As well, the National Council of Education will be upgraded to an independent authority so it will not be dependent on the minister or the government.
Diamandopoulou also announced the freezing of two measures initiated by the previous government: the merger of some 30 research centres into a group of larger ones, and the recognition of the private colleges. Both measures were unpalatable to the academic community and were vehemently opposed.
The former government refused to increase funding for research and had proposed the research centres merger for economic reasons. The socialists have now guaranteed the independence of the research institutes and promised to double funding from 1% to 2% of GNP.

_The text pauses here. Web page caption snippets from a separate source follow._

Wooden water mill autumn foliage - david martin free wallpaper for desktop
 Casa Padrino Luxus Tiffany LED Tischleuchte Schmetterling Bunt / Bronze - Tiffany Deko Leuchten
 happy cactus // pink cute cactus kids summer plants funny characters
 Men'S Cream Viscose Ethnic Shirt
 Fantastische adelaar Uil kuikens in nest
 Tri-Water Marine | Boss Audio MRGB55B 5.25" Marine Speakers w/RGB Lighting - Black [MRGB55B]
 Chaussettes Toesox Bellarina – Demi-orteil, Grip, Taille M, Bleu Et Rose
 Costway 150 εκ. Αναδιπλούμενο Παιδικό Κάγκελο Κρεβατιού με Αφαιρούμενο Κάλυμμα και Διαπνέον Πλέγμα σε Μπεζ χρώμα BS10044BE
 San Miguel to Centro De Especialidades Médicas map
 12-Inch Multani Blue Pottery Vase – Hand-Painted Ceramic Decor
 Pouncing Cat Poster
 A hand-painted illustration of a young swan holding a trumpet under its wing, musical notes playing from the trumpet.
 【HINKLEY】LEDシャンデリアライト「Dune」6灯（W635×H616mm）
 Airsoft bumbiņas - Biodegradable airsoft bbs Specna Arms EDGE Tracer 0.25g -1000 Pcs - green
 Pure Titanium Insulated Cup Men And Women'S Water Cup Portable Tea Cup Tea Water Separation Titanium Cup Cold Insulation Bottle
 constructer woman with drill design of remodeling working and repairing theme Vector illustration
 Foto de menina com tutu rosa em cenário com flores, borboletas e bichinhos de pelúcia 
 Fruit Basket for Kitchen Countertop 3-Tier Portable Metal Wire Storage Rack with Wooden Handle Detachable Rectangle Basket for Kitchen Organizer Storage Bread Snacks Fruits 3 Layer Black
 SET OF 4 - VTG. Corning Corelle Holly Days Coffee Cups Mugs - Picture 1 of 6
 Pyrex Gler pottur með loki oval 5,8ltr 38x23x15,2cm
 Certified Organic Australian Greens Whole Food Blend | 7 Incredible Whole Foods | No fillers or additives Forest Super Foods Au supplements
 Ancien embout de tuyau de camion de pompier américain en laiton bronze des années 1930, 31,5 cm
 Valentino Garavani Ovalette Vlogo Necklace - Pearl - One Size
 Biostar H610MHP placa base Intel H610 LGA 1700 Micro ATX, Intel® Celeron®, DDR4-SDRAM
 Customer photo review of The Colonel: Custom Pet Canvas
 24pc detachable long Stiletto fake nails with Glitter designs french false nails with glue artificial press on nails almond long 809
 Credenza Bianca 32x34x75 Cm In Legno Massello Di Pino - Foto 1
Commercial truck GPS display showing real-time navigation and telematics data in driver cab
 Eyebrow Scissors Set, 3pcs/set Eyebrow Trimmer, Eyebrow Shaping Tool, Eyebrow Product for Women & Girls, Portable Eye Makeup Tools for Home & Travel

The private colleges are a thorn in the academic community's flesh. They grew initially out of the state's inability to provide enough university places for all and assist students who fail to secure a place in a higher education institution at home and cannot afford to go abroad, as well as parents who wish to keep their offspring closer to home.
Over the years, the colleges have fought a rearguard action to be recognised as universities without a proper infrastructure, appropriate building facilities and equipment or properly qualified staff. Most have franchise agreements with foreign universities, mainly British or American, to promote their programmes.
But their recognition as universities stumbles against article 16 of the Greek constitution which states unequivocally that higher education is the exclusive domain of the state. Attempts to reform the article and open the way for private universities have always faced opposition from students and lecturers.
The European Union wants to open Greek education to private interests and the European Court of Justice last year ordered Greece to recognise the professional rights of some 10,000 graduates of the colleges whose owners claimed this was a moral justification.
The previous government put forward legislation and set out the necessary specifications for the process of recognition which would lead to a licence to operate. A committee was established to examine the applications and carry out inspections of the applicants' premises, programmes and the qualifications of the teaching staff.
Three days before the general elections of 4 October which swept the socialist opposition to power, former Education Secretary Aris Spiliotopoulos signed an order recognising 33 of the 40 colleges that had submitted an application - despite the fact the process of assessment had not been completed.
Asked to explain why he had hastened to sign the order instead of leaving it to his successor, Spiliotopoulos claimed he had no choice because the assessment committee at its 29 September meeting had recommended issuing licences subject to a number of considerations. One was that if any applicant did not comply with the regulations the Education Secretary would have the right to rescind the licence at any time.
Diamandopoulou, who had opposed recognition of the colleges while in opposition, rescinded her predecessor's order immediately and ordered a re-examination of all the applicants' files
"These licences," she declared "were issued without the proper inspections required by the relevant legislation so we are going to re-examine all the files. At the same time, one of our priorities is to produce a comprehensive policy in agreement with the EU of the criteria, methods of control and certification for the post-education level to which these colleges clearly belong."
Spiliotopoulos' last minute underhand action angered the Panhellenic Federation of University Teachers Associations as well as the rectors of universities and technological institutes who made an application to the State Council, the highest judicial authority in the country, to declare it unconstitutional.
Federation President Nikos Stavrakakis said: "We are confident we are right and we will pursue this matter until we are finally justified."
Now the college owners are hitting back: they are suing the federation for slander and loss of profits and are also confident they will be ultimately justified.
"The licensing of our colleges ushers a new environment in private higher education and improves the options of all those who are interested in university studies," a spokesman declared.
It will be interesting to see the verdict of the Greek courts and the reaction of the EU if a decision is unfavourable to the colleges.